A picture framed in very pretty turquoise wood catches my eye, and I go over; it’s the gang. Well…me and the gang: a mix of all my best friends, the ones from the neighborhood, the ones from work, the ones from life. And I’m in the middle, smiling, in a black blazer and a lacy bodysuit, basically lingerie, underneath. I’m wearing red lipstick and eyeliner that must’ve been the work of a professional, because there’s no fucking way I could’ve pulled it off. It’s flattering, I look good…probably because I look happy. My mouth is open, like I’m laughing, surrounded by all my friends, who all look very glam too. Ivan, next to me, is looking at me complicitly, laughing.

It’s a happy scene. I know you should never trust photographs, which are just a two-dimensional depiction. Sometimes we get hooked on images, aspirations, dreams, and we cling to them like they are stills from a movie…and we idealize everything that happened around them.

I contemplate this as I flop down on the couch covered in a sheet with the picture in my hands. I don’t want to idealize it, but the best part of it, the most special, is that it’s a glimpse of something that hasn’t happened yet. And in it, in the future, I’m happy.

Marta is holding up a bottle of champagne; it must be a celebration of something for the magazine, but my friends from the neighborhood and Ivan are there too. Some are laughing, others are looking at each other, and some seem to be calling to someone off camera. In the background, Rita is blowing one of those bubble wands for kids to create a beautiful backdrop. It’s nighttime. Everyone looks beautiful, happy. I feel something inside, a tingle from seeing us. Together. Happy.

No. Tristan’s not there, but now is the time to accept that he started leaving a long time ago, that the goodbye stretched on for too long. The best part of us isn’t always the most beautiful.

In the fridge, there are two different bottles of wine, good ones with a red cap, and in the freezer, there’s a tray of Eiffel-tower-shaped ice cubes and a bottle of Larios. I start laughing. Definitely Ivan’s work…

I wander through the house looking around, not knowing what to look at, what to think, what to do, but there’s a calm feeling in my chest. I go back to the bedroom. I flop back onto the bed again and open the drawer on the bedside table, where I find a torn envelope holding a handwritten card. It’s Ivan’s handwriting:

I told you everything would turn out okay, and you didn’t believe me, so now I can be the proud messenger of that shitty phrase that for once gives me pleasure to say: “I told you so.”

Congratulations. Everything you have is yours. All this happiness. All this light. It’s all yours and only yours. Take these two bottles, and share wine and fire with all the people you love. Now that I think about it, you’ll need more wine.

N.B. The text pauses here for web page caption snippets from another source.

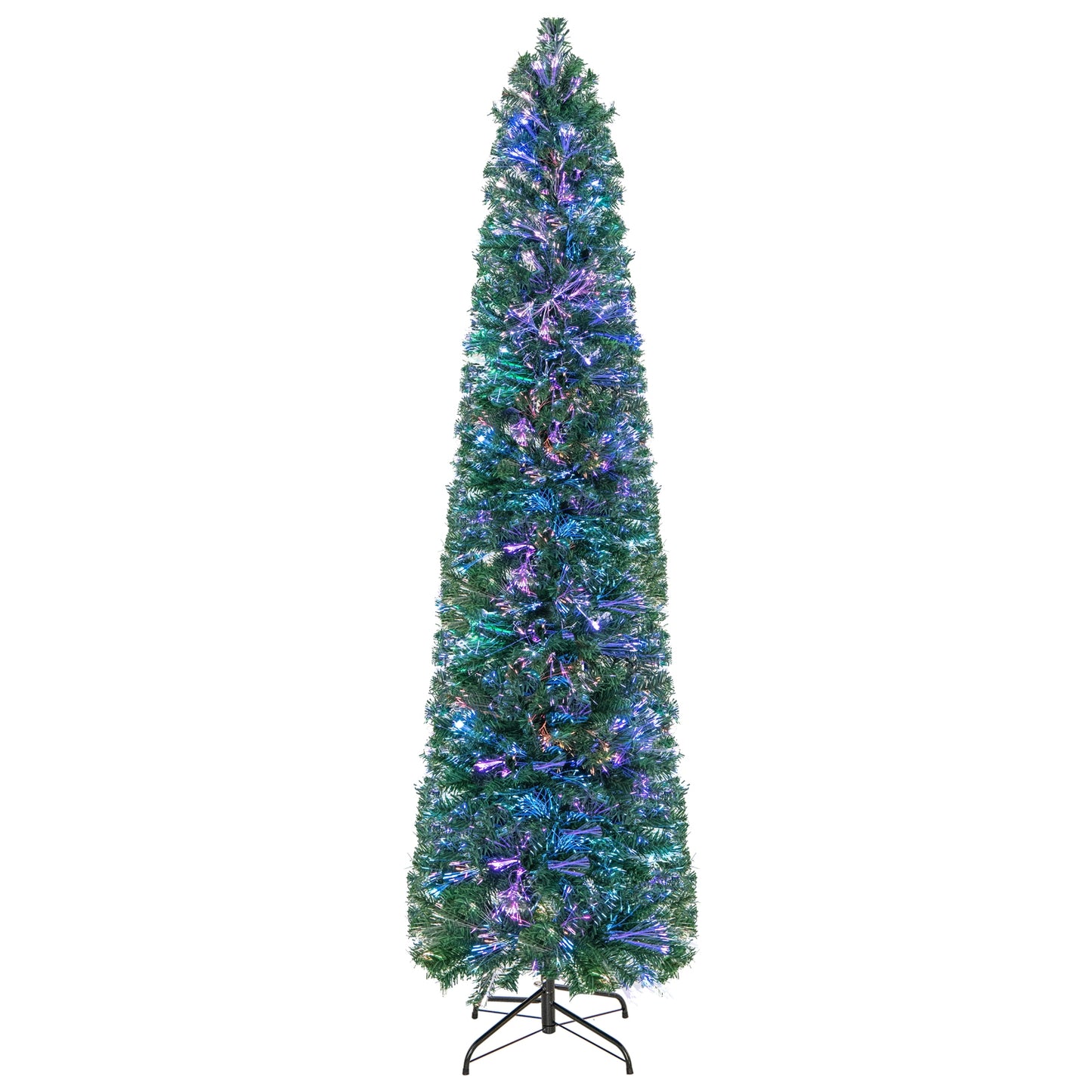5/6/7/8 FT Pre-Lit Christmas Pencil Tree with Colorful Fiber Optics Green-7 ft, Green Christmas Tree at Gallery Canada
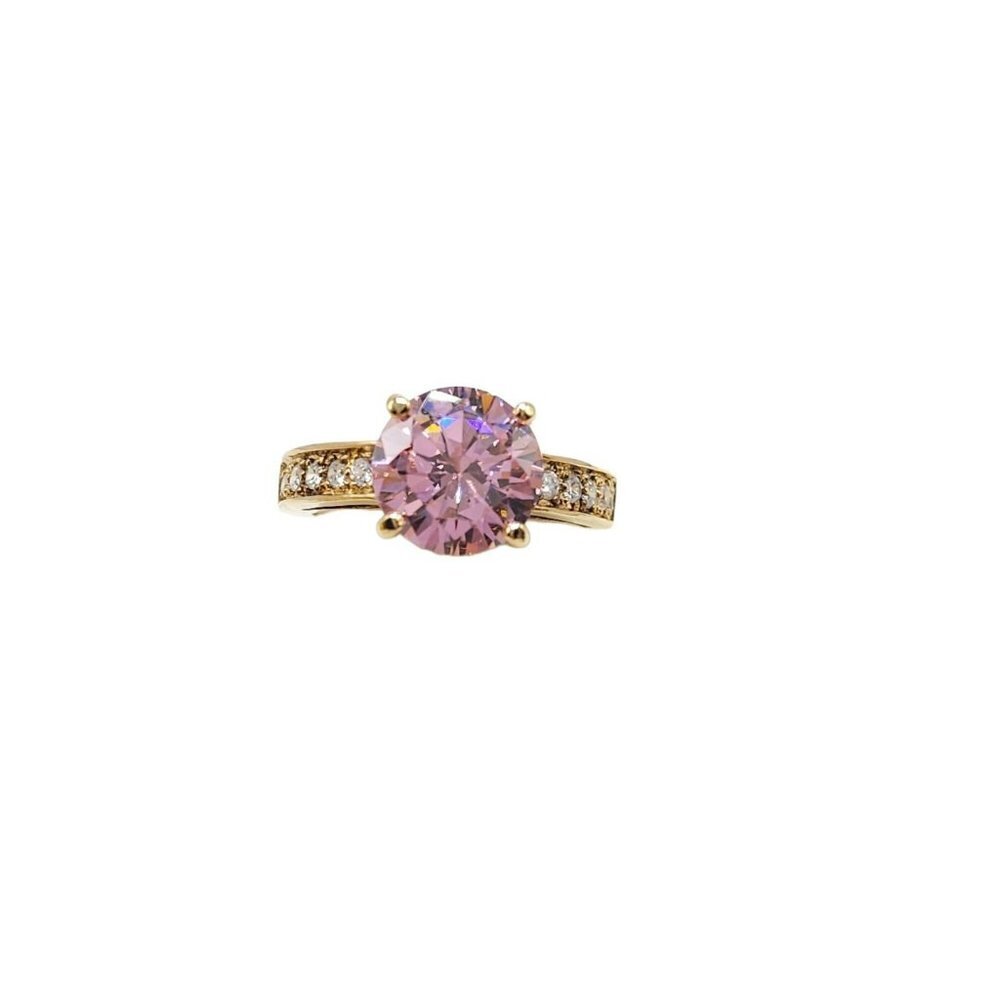 UNCAS Gold Vermeil Over Sterling Large Pink Rhinestone Solitaire Ring Size 7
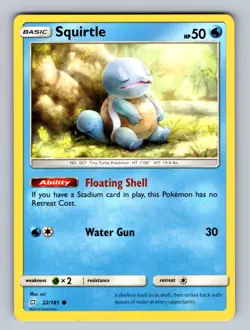 Squirtle (22) 22/181 Common SM - Team Up NM Pokemon TCG - Image 1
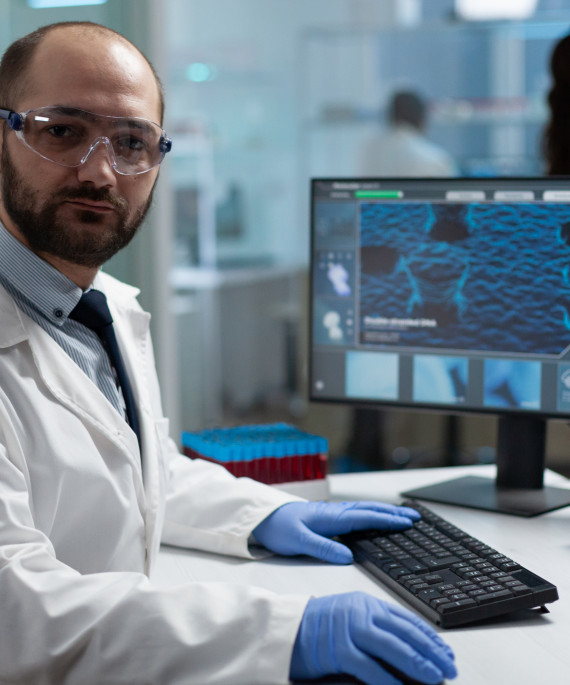 biochemist researcher working in lab 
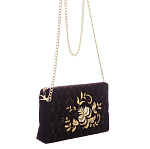 -2000110420017 Сумка бархат Мод 566 Рис 1830 АР разм 13*21*3 /бархат фиолетовый /4.3.08/ зол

Fire, you’ll have plenty of.

I love you,

Ivan

P.S. To new beginnings.

In the end, it must be true what they say about time: you can’t expect it to heal wounds without lifting a finger, the bastard. Even if we try to rush it, even if it hurts like hell, even if the word “time” sounds like a placebo to a broken heart, there’s no other answer. Let it happen, let it heal, let it soothe you.

That reminds me of “Lodo,” the song by Xoel Lopez; it must be true that the tallest flowers grow out of mud.

I wish I could look much further than these four walls to find out the details of how my life is going or what day it is today, but maybe it’s better like this. Just a glimpse, a ray of hope, just an exhale, a small, short moment of lucidness, where the words “everything will turn out fine” make sense.